*** Source material ***
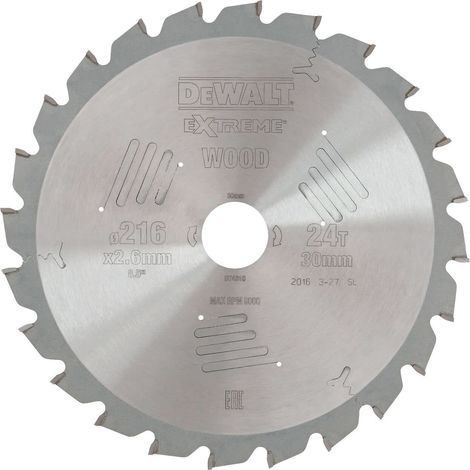 DeWALT - Lama circolare per legno 216x30 mm, 24 denti DT4310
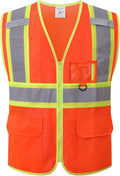 Hi Vis Safety Vest for Men Women Reflective with Multiple Pockets Class 2 Mesh High Visibility Construction Work Vest,Meets ANSI/ISEA Standards(EK1-178-Orange-S)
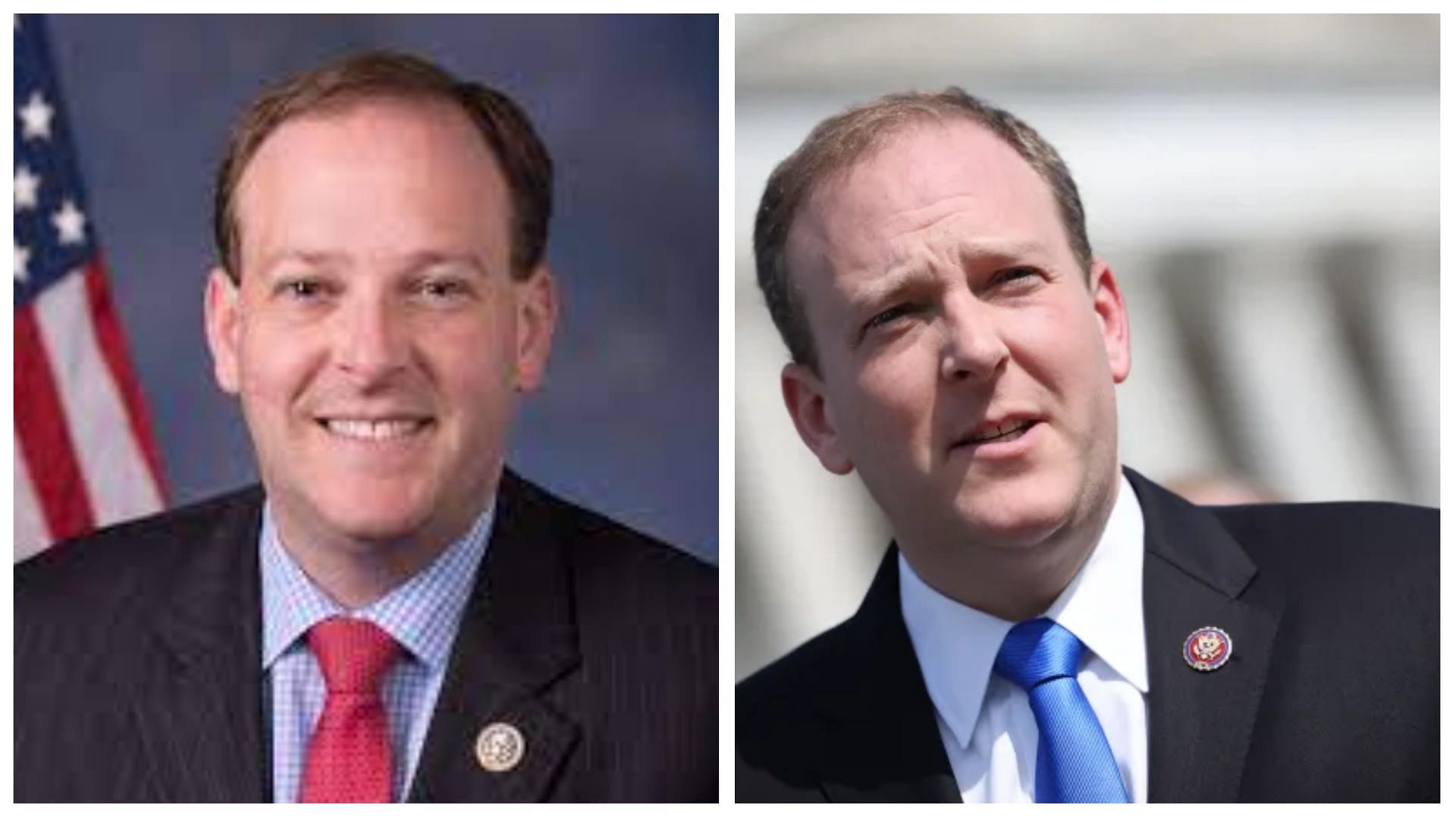 Zeldin was assaulted by a man armed with a knife during a campaign rally (images via Kevin Dietsch/Getty and Lee Zeldin/Facebook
***
Task brief -
Print once more, exactly, the lines from the one with "Hi Vis Safety" through the last line of the data, both ends included, without any pictures.

Task result -
 Hi Vis Safety Vest for Men Women Reflective with Multiple Pockets Class 2 Mesh High Visibility Construction Work Vest,Meets ANSI/ISEA Standards(EK1-178-Orange-S)
 Zeldin was assaulted by a man armed with a knife during a campaign rally (images via Kevin Dietsch/Getty and Lee Zeldin/Facebook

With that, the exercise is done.